» **What to produce**: Print exactly, and only, the lines running from the line containing "Karim Vionnet - Karim" through the end of the records below.

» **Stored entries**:
-----
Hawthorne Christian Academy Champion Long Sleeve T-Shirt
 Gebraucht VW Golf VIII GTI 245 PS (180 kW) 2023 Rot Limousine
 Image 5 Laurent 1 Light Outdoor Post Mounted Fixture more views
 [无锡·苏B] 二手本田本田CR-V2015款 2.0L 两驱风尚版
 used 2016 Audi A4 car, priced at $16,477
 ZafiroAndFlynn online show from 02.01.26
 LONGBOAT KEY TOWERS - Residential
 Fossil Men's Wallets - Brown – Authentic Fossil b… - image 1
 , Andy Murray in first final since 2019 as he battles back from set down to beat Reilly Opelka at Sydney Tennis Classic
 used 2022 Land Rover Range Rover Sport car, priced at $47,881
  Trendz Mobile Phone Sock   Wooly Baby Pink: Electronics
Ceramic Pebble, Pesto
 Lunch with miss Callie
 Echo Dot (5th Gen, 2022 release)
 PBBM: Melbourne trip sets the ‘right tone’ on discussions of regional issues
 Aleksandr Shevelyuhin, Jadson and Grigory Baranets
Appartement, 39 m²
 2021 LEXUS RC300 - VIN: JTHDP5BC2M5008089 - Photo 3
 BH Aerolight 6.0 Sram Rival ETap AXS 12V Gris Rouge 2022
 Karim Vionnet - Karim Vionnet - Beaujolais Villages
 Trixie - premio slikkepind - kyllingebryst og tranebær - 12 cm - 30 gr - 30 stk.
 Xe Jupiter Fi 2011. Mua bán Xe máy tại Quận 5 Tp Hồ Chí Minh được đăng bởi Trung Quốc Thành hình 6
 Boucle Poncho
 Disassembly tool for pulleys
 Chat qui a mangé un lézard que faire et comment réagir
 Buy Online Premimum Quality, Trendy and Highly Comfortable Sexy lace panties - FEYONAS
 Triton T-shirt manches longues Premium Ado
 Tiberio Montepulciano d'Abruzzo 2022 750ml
-----
» **Worked solution**:
 Karim Vionnet - Karim Vionnet - Beaujolais Villages
 Trixie - premio slikkepind - kyllingebryst og tranebær - 12 cm - 30 gr - 30 stk.
 Xe Jupiter Fi 2011. Mua bán Xe máy tại Quận 5 Tp Hồ Chí Minh được đăng bởi Trung Quốc Thành hình 6
 Boucle Poncho
 Disassembly tool for pulleys
 Chat qui a mangé un lézard que faire et comment réagir
 Buy Online Premimum Quality, Trendy and Highly Comfortable Sexy lace panties - FEYONAS
 Triton T-shirt manches longues Premium Ado
 Tiberio Montepulciano d'Abruzzo 2022 750ml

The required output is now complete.